Movies

A ‘Princess Bride’ Remake Has Reportedly Been Discussed, And People (Like Jamie Lee Curtis) Aren’t Happy

Hollywood has always been into remakes and reboots; they’re easier and safer than original ideas! The public doesn’t always go for them, but sometimes even they decide some things are too sacred. A threatened Back to the Future redo wasn’t well-received, including by the person who owns the rights (which he won’t sell). And now the mere mention of unnamed famous people discussing a remake of The Princess Bride — a detail buried in a lengthy Variety piece on television pioneer Norman Lear, one of the film’s executive producers — has been met with swift push-back.

This should be stressed: There is no official Princess Bride remake — yet. The prospect is only mentioned once: As per Sony Pictures Entertainment CEO Tony Vinciquerra simply says, “Very famous people whose names I won’t use, but they want to redo The Princess Bride.”

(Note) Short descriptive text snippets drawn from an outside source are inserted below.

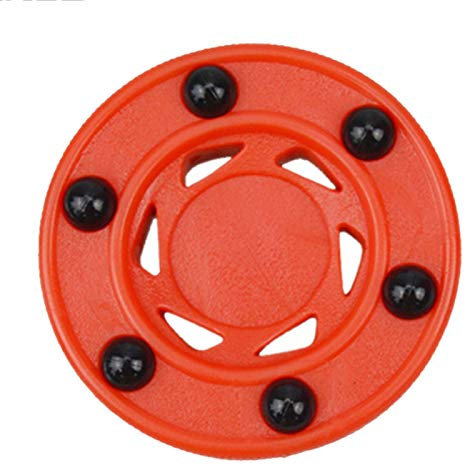 Faderr Hockey-Puck, Roller Training Puck, Roller Hockey Puck Roller Puck Sport, Off-Ice Stickhandling und Passing Puck Handling Training Street Hockey Puck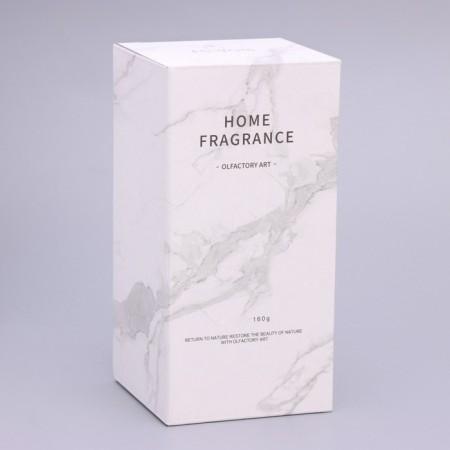 Candle in concrete Aromatic "Michelangelo", 13x7 cm, blue bells, soy wax, 160 g-8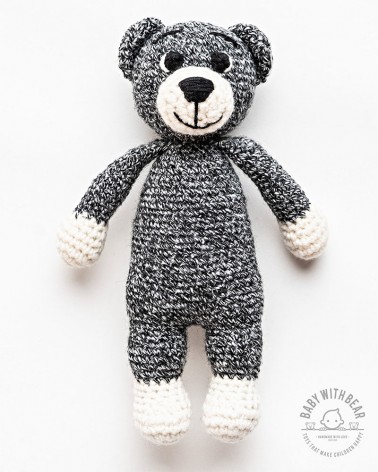 Amigurumi Bear BWB - Bear Tobi XL - Black & White
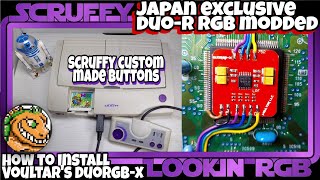 Japan Exclusive duo-r rgb modded How to install Voultar's duorgb-x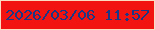 文字の大きさ：4、枠の色：fbdec2、背景の色：f11410、文字の色：1c3786 無料ブログパーツのブログ時計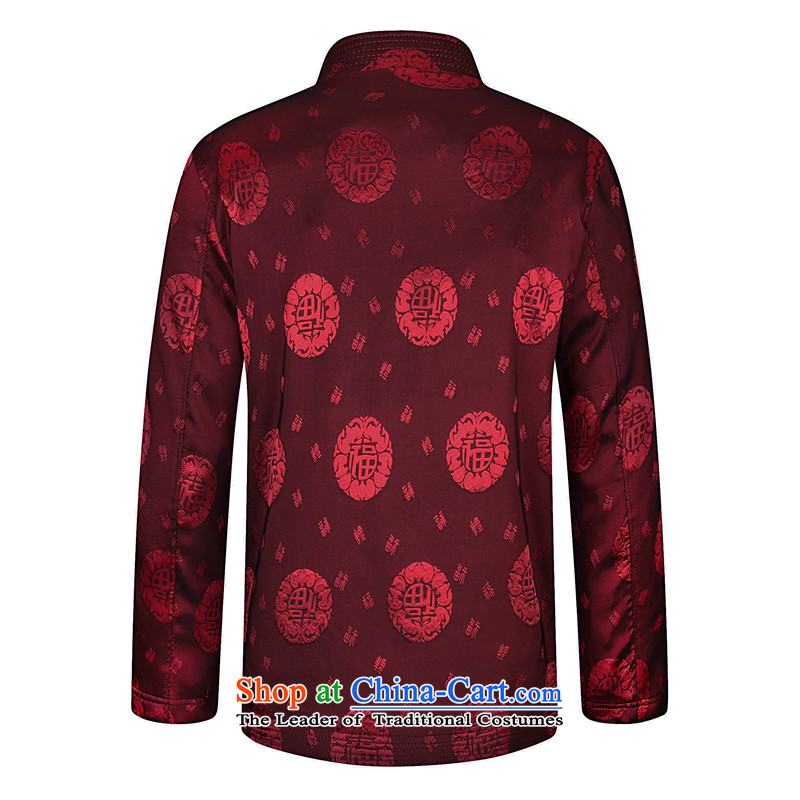 The new information Ho Man Tang jackets in elderly men Chinese clothing China wind national costumes Chinese happy festivals in the giver of older men wine red 190, Ho information apparel , , , shopping on the Internet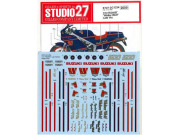 STUDIO27デカール DC1234 1/12 Suzuki RG400 Gamma Late version Walter Wolf decal for Hasegawa 【メール便可】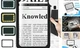 5X Handheld Magnifier for Page Reading - Large Folding Lighted Full-Page Black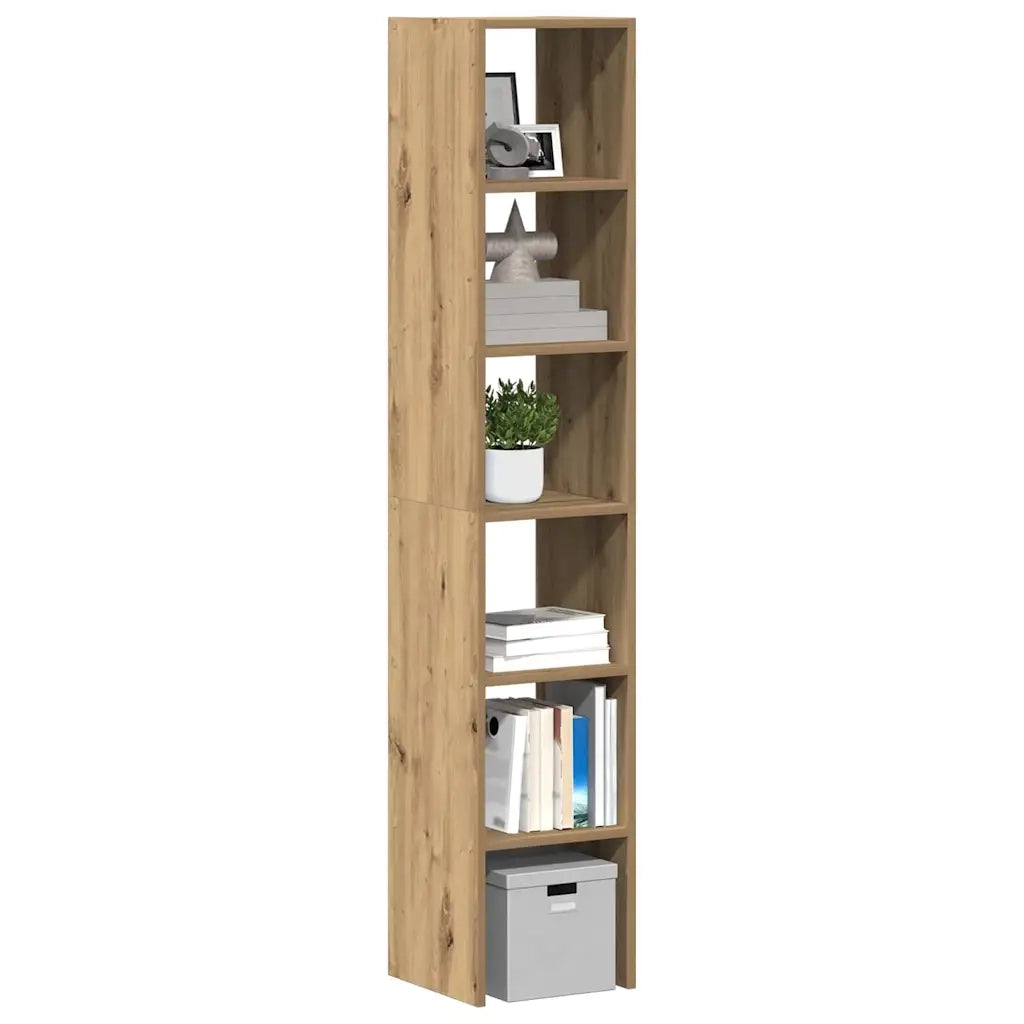 Librerie 2 pz Impilabili Rovere 30x30x80 cm Legno Multistrato 858820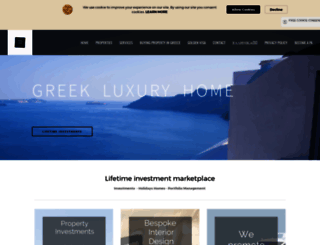 greekluxuryhome.com screenshot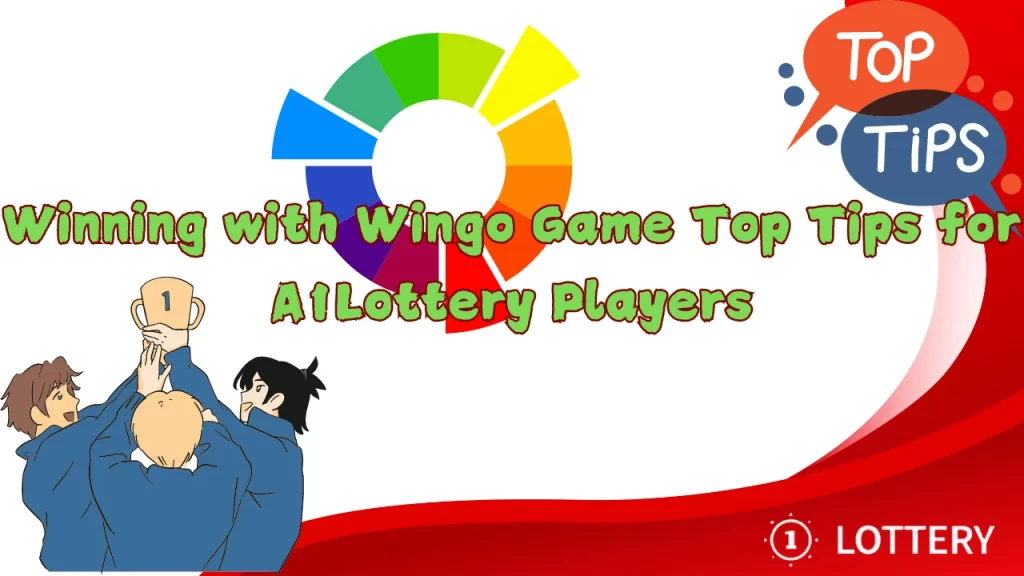 illustration text 'Winning with Wingo Game: Top Tips for A1Lottery Players'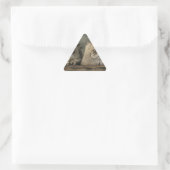 3 Katten en kippen in een mandje Sticker (Tas)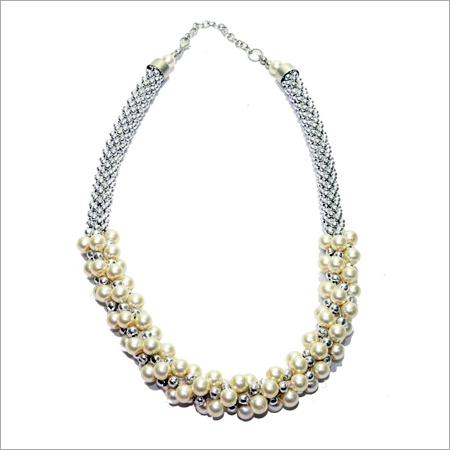 JAI SHREE Beautiful White beaded Pearl Necklace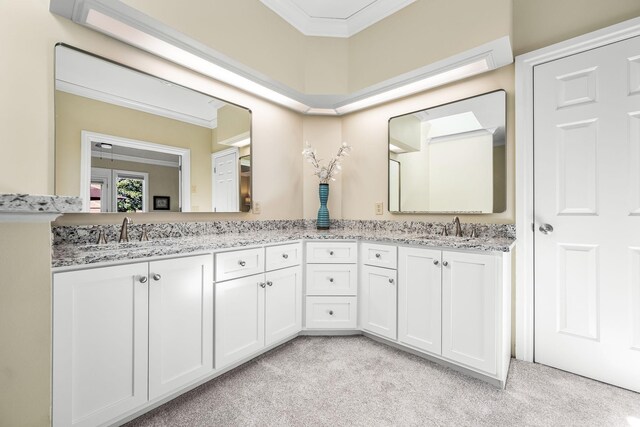 100 Carriage Way, Hendersonville, TN 37075 - full bath with double vanity, ornamental molding, and carpet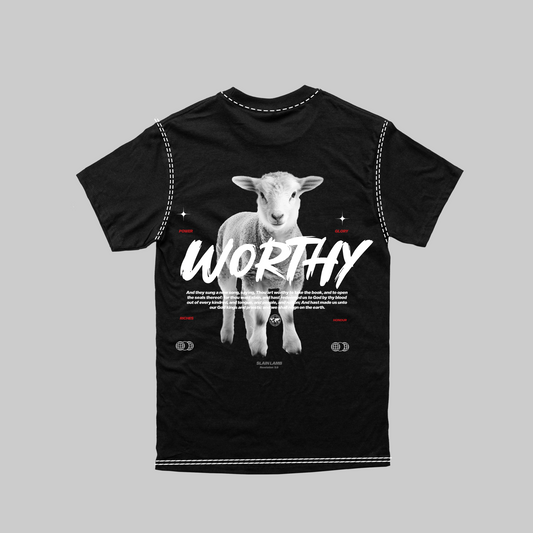Tshirt Black Relaxed fit WORTHY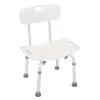 Winado 7 in. H Adjustable Medical Bath Shower Chair Detachable Tub Seat with Backrest Bath Stool 1 Winado 7 in. H Adjustable Medical Bath Shower Chair Detachable Tub Seat with Backrest Bath Stool -Toilet Storage Shop white shower seats 262566044229 64 1000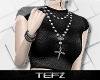 𝕿 . CROSS LACE TEE ϟ
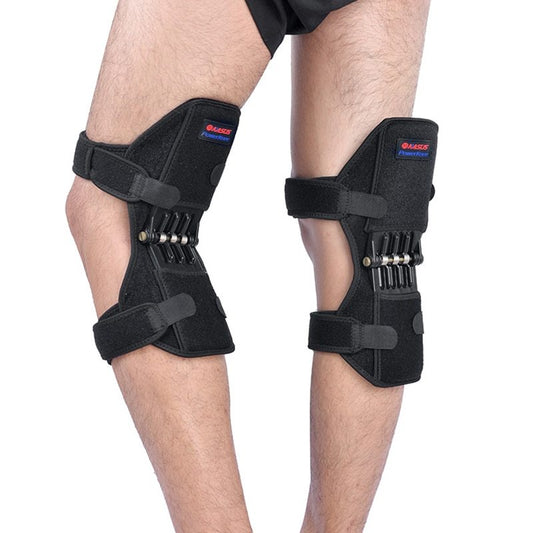 High Quality Knee Brace Patella Booster Spring Knee Brace Support For Mountaineering Squat Sports Knee Booster - MyFitnessProducts - High Quality Knee Brace Patella Booster Spring Knee Brace Support For Mountaineering Squat Sports Knee Booster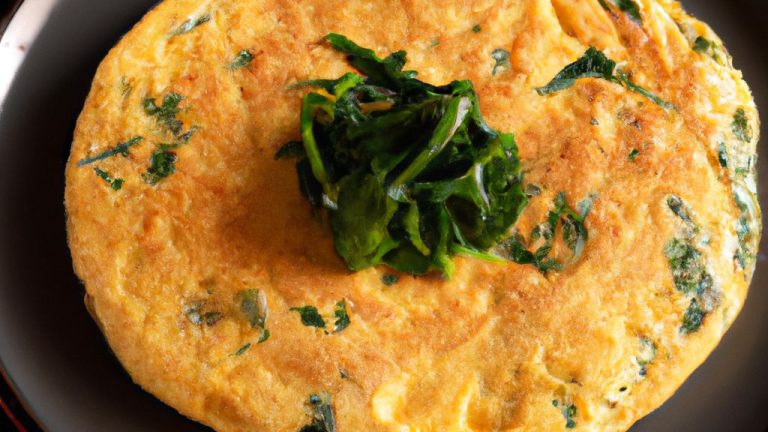 Omelete de atum com acelga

But that was enough to sound alarms. One possible reason: The 1987 original is still aggressively watched. The comical fantasy — adapted from a novel by Oscar-winning screenwriter William Goldman, by Goldman himself — wasn’t a box office sensation, merely doubling its modest budget. It became one of those films that takes off on home video and television airings, like The Shawshank Redemption, Idiocracy, as well as The Wizard of Oz and It’s a Wonderful Life. Perhaps its absurdist humor, comical digressions, and charmingly lo-fi effects play better on a small screen.

Whatever the reason, simply the whiff of the notion of the concept of the idea of a Princess Bride 2.0 was enough to inspire rage — including from the wife of one of its stars.

Others not married to Christopher Guest were also livid.

Will this ever lead anywhere? Who knows? Perhaps others won’t be happy to read the rest of the Variety and discover there’s talk of reboots of Lear’s shows. Anyone else steaming over the possibility of a modern redo of his ahead-of-its-and-even-our-time soap opera parody Mary Hartman, Mary Hartman, or even its fake late show spin-off Fernwood 2 Night?